= Zadankai =

Soka Gakkai community-based conventicles

Zadankai (座談会, discussion meetings) are community-based conventicles which serve as the grassroots activity of Soka Gakkai members. They are the means for propagation and deepening faith. Soka Gakkai literature also describes them as being sites for neighborhood revitalization.

The tradition of zadankai was started by the Soka Gakkai's founder Tsunesaburō Makiguchi in the late 1930s. The format of the meetings Makiguchi led centered on participants sharing personal stories about how their practice of Nichiren Buddhism improved their daily lives.

The tradition of holding zadankai was continued by the second Soka Gakkai president Jōsei Toda after World War II. Under Daisaku Ikeda's presidency, they are the central activity of the Soka Gakkai.

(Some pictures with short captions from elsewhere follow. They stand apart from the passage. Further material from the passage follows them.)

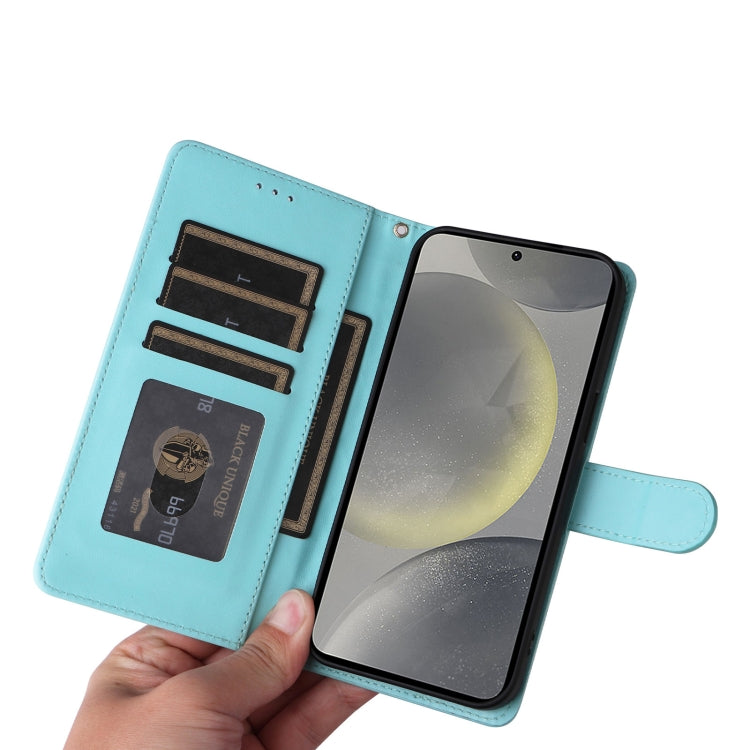 For Samsung Galaxy S24 5G Diamond Lattice Leather Flip Phone Case(Mint Green) - HoMEdemic™ 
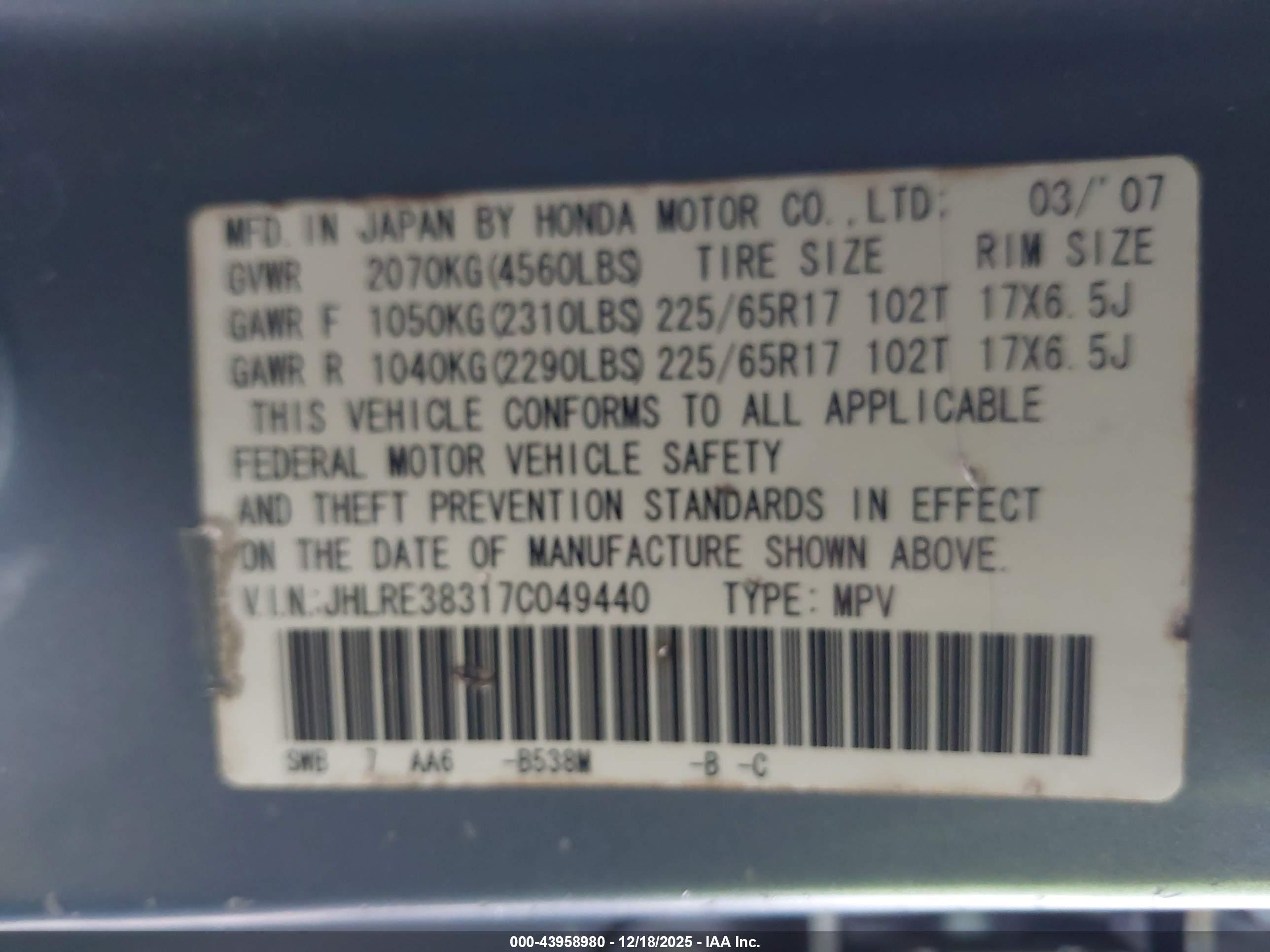 HONDA CR-V image 9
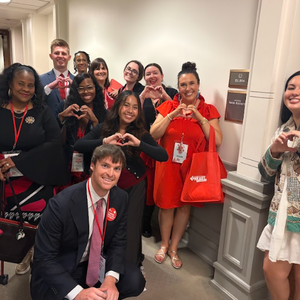 Texas Advocates meet with legislative staff at the State Capitol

Ikeda organized discussion meetings for Japanese emigres during his first overseas trip to the United States and Brazil in 1960. The first zadankai conducted in English was held in the United States in 1963.

==Format==
Zadankai are held at neighborhood "district" or "group" levels, and attendance has been estimated at between 20% and 80% of the total membership. Actual attendance is usually between 10 and 20 people, including families with small children.

Meeting agendas are planned, but with autonomy and room for improvisation. Typically, a discussion meeting consists of sutra recitation and chanting daimoku, sharing of experiences and encouragement, study and guidance, and efforts at encouraging new attendees to start their Buddhist practice. There is a meeting leader whose job it is to encourage discussion.

==Religious significance of discussion meetings==
Discussion meetings have been likened to the "formal liturgy" of the Soka Gakkai. At discussion meetings, participants are encouraged to take responsibility "for their own lives and for wider social and global concerns." The format is an example of how the Soka Gakkai is able to "dispense with much of the apparatus of conventional church organization". Zadankai differ from other religious traditions also by allowing participants to address the challenges to happiness encountered in daily life situations. The discussion meeting is among the most important activities of the Soka Gakkai as well as the basis of propagation, and have been called "a new paradigm" for religious worship in general

==Evaluations==
The impressions of scholars who have observed Soka Gakkai discussion meetings vary. Seagar at first found them akin to a "consciousness raising" group and Metraux likened them to group therapy – albeit in a "wonderful" form, with a congenial, "family" atmosphere. White states that they encourage free intercourse and self-expression, and Ramseyer found the participants open and trustful. Carter points out that the primary congregational emphasis rests not on any temple, church, monastery, mosque or synagogue but on small group gatherings in the homes of practitioners, particularly because it is a lay-based movement. Gathering in formal temples or churches confers a special power on the clerical authority residing in those sanctuaries. Gathering in people's homes seems by contrast inherently populist and democratic. It is a deceptively simple expression of the inherent egalitarianism of the SGI.